## WHAT THE EXERCISE ASKS
All of the data must be written out verbatim, with pictures excluded.

(Short descriptive text snippets)
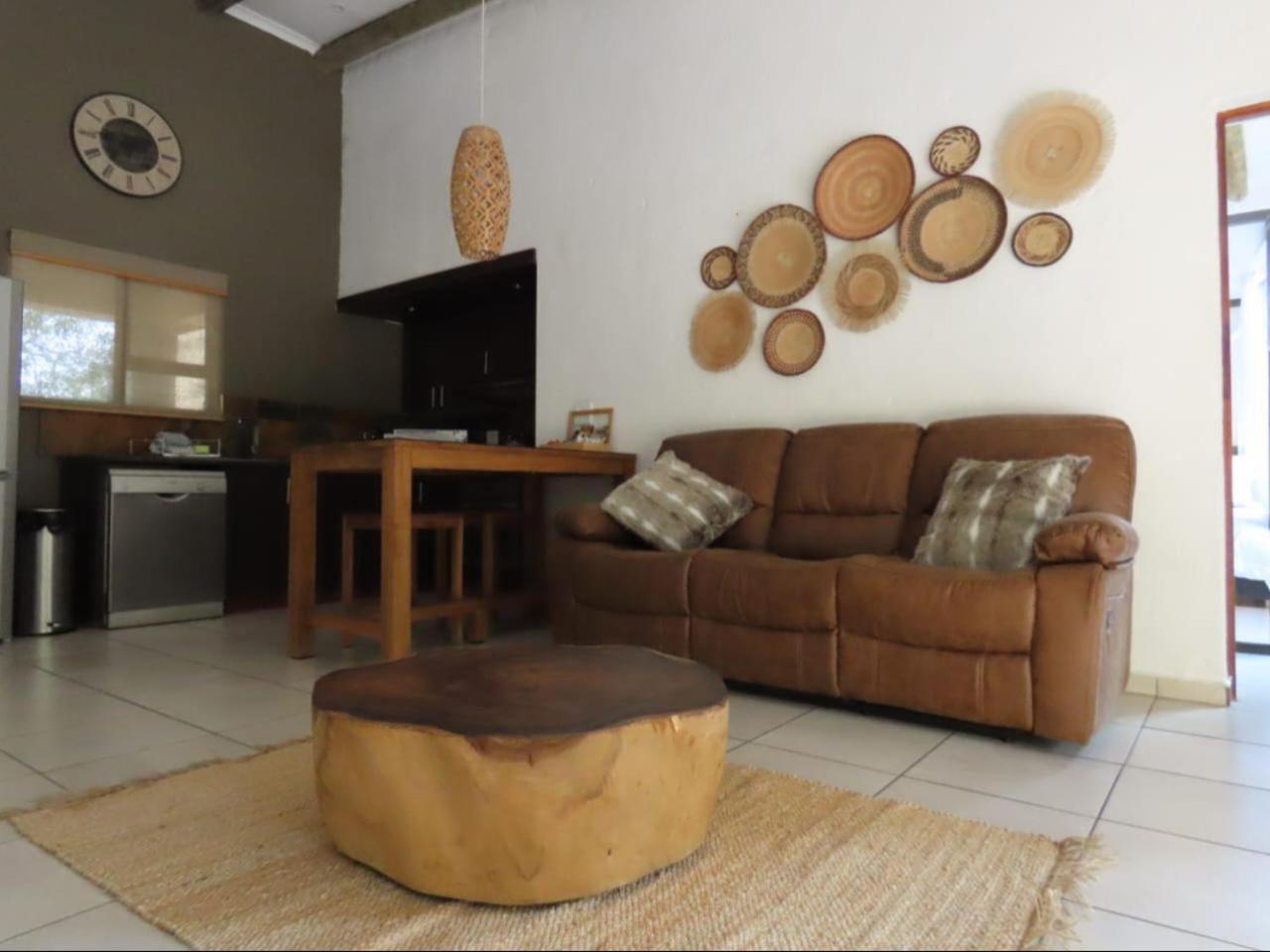 Marloth Cottage Marloth Park Kültér fotó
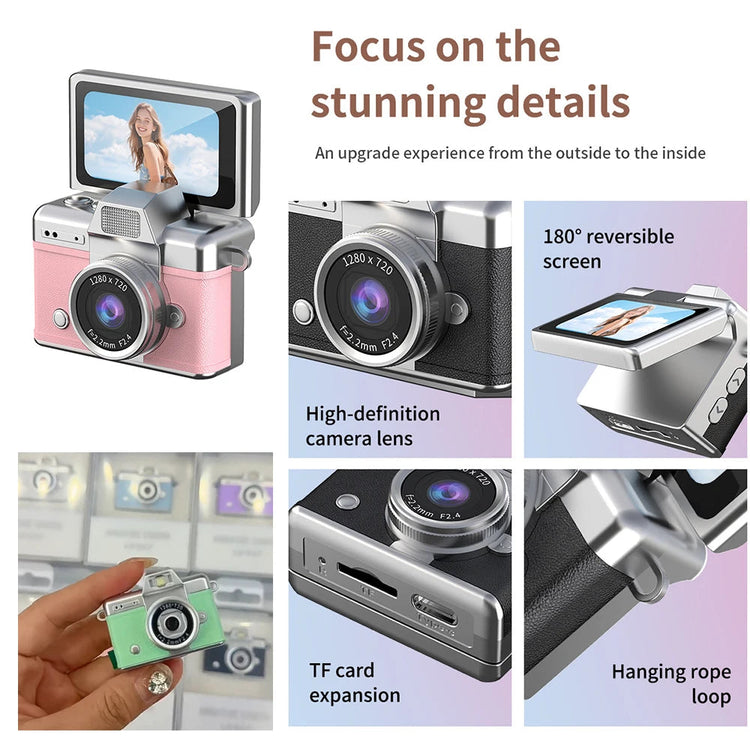 Camera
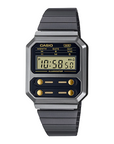 Casio A100WEGG-1A2DF Digital Vintage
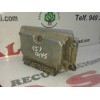 Recambio de centralita motor uce para citroën saxo 1.5 d sx referencia OEM IAM 0281001839 9630059880 28FM0279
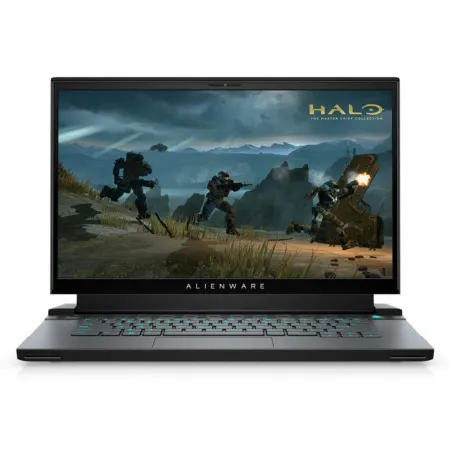 Alienware M15 R4 (2021) H1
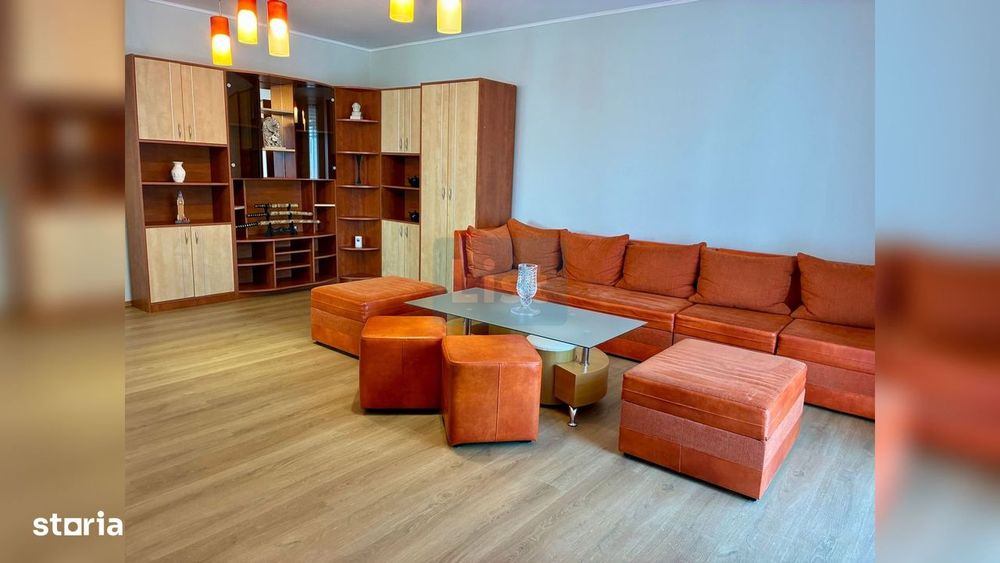 Ap. 3 camere 84 mp | 2 parcări | Bună Ziua | 0% Comision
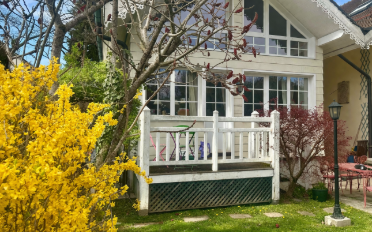 Maison 3 pièces - image - 10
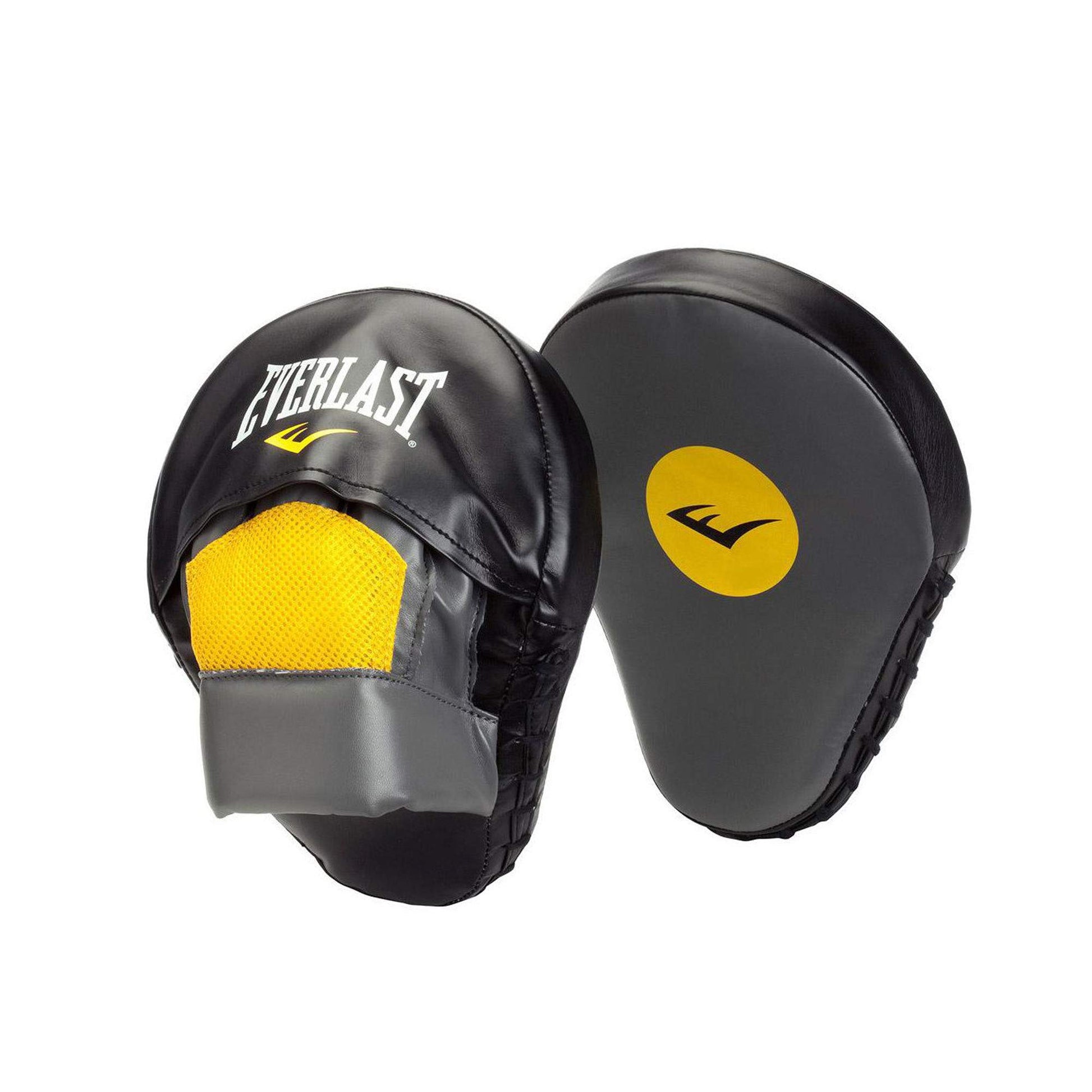 Manopla de Golpeo Everlast gris Vinyl Mantis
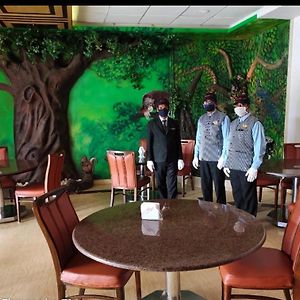 Hotel Sharada International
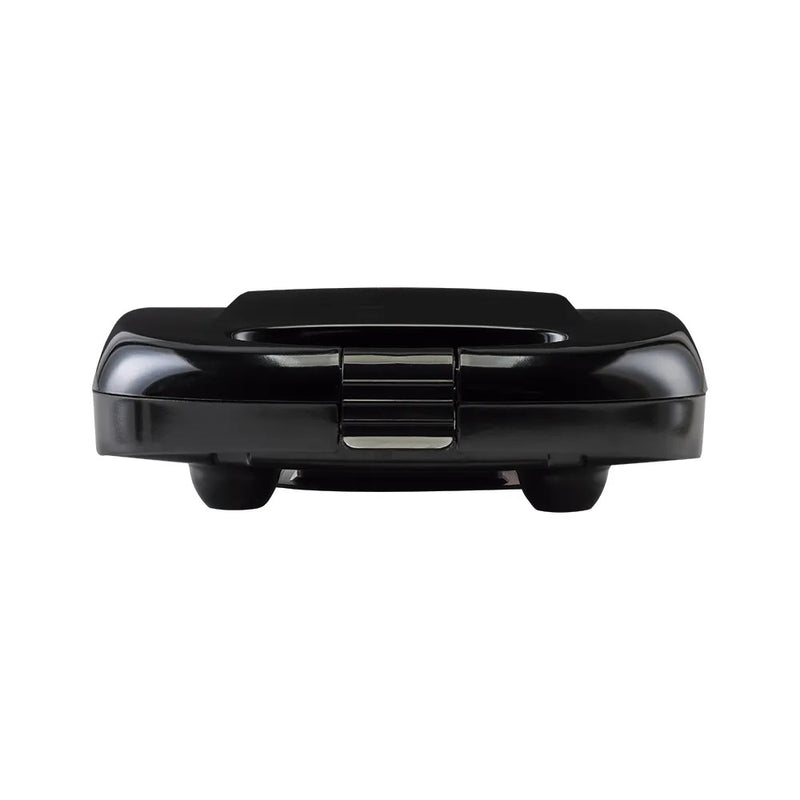 Sanduicheira Agratto Preto/Inox 220V 750W SID-02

## RESPONSE
 Marloth Cottage Marloth Park Kültér fotó
 Camera
 Casio A100WEGG-1A2DF Digital Vintage
 Recambio de centralita motor uce para citroën saxo 1.5 d sx referencia OEM IAM 0281001839 9630059880 28FM0279
 Alienware M15 R4 (2021) H1
 Ap. 3 camere 84 mp | 2 parcări | Bună Ziua | 0% Comision
 Maison 3 pièces - image - 10
 Manopla de Golpeo Everlast gris Vinyl Mantis
 Hotel Sharada International
 Sanduicheira Agratto Preto/Inox 220V 750W SID-02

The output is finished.